Helpful Tips for Water-coloring With Re-inkers

It seems that whenever I post a creation that shows water-coloring I get nice comments (thank you for that!)  and a lot of questions asking how to achieve good results, what supplies am I using, etc... While I was busy water-coloring a set of cards last week using Secret Garden & Summer Afternoon I decided to take some step by step photos to show how I color my images.

For me I find it easiest to use my Aqua Painter and Classic Ink. I like to squeeze a little re-inker in the lid of my ink pad or simply squeeze the ink pad to leave extra ink on the lid and I pick up the color with my brush and away I go. I use Stazon Ink to get a nice crisp image that will not bleed. While water color paper is certainly a good option, I tend to mostly just use Whisper White or Very Vanilla card stock.

Here's my image stamped in Black Stazon on Whisper White. Make sure to have paper towel handy to blot any excess water that may flow through the Aqua painter. For this reason I have found it best to only fill the barrel about half full. Don't squeeze because you don't need a lot of water.

I pick up some ink with my brush and start painting where I want the darkest parts to be. In the case of this flower the insides of the petals at the edges where the petals meet and where a petal might have a slight fold or bend, would be the darkest areas.
Make sure to leave some light, white areas as you are coloring. Allow the colors to blend and fade before reloading your brush with more color. You can always add more color...but once it's there you cannot take it away. When you re-load your brush with color add it to the areas you want darkest, or blot off excess color onto scrap if you are done with the darkest areas.
I went back and darkened up petals in above photo and was ready to add some contrasting color. I started with the center, as I wanted that the darkest.

See how the bottom part of the center is a little darker and I worked my way up to the top center as the color started to fade? This makes it appear to have a highlight on the center. I decided to add the Rich Razzleberry color I used here to the petals as well.

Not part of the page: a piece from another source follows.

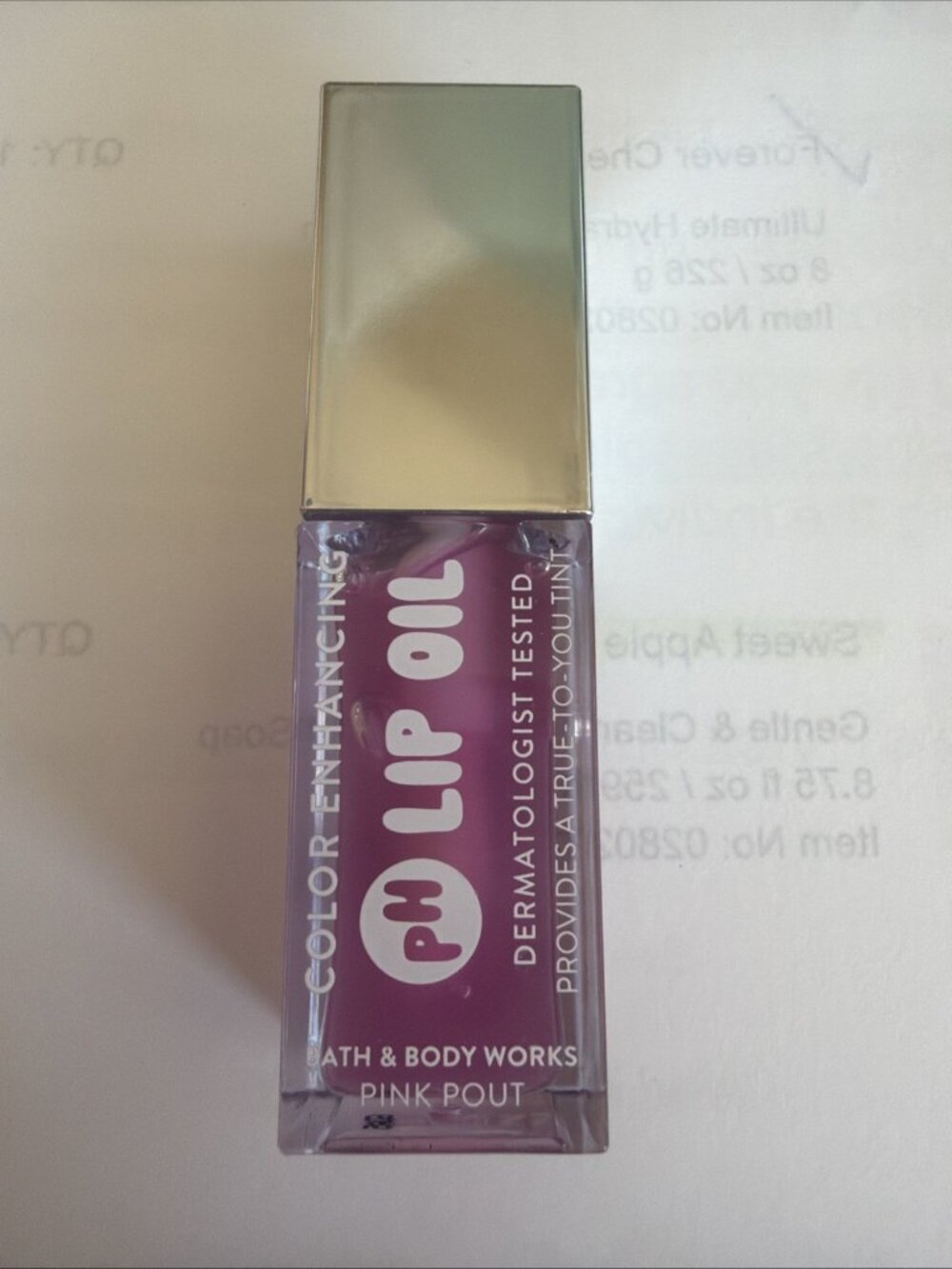 ALL NEW Pink Pout Color Enhancing pH Lip Oil 0.21 fl oz Bath & Body Works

This tied in with the color scheme of my finished card. I could have also used a darker blue at this time or any other contrasting color to get a totally different look. Here is the flower on my finished card.
My top 3 tips:

  • Don't use too much water...otherwise colors will get too light and paper can become pilled/over worked.
  • Make sure to leave very light, even white areas for highlights
  • Practice! The more you practice the better you will become! 

Hope this helps!


ajyoyo said...

Wow! Thanks for the excellent paint lesson! I cannot wait to try this. You are such an inspiration. I had my first SU! workshop yesterday and it was a great success! Yay. Such a great group of women. Are you still doing workshops? I'll message you. Thanks for sharing this info. It helps us "wanna bes"! So beautiful!

Denise Willerton said...

Lynn, thanks so much for this ~ I usually grab my blender pens, but you have inspired me to give my aqua painter more practice time! Fabulous your blog, I've been following you for quite some time and really enjoy my time with you! have a blessed day :-)

DonnaJ9 said...

That's terrific information, Lynn. Thank you so much! With the subtle color changes, you make it look like it was done on a much more delicate type of paper. Just beautiful!

Lynn said...

Thanks for taking the time to leave such nice comments ladies! I'm glad you found this info useful!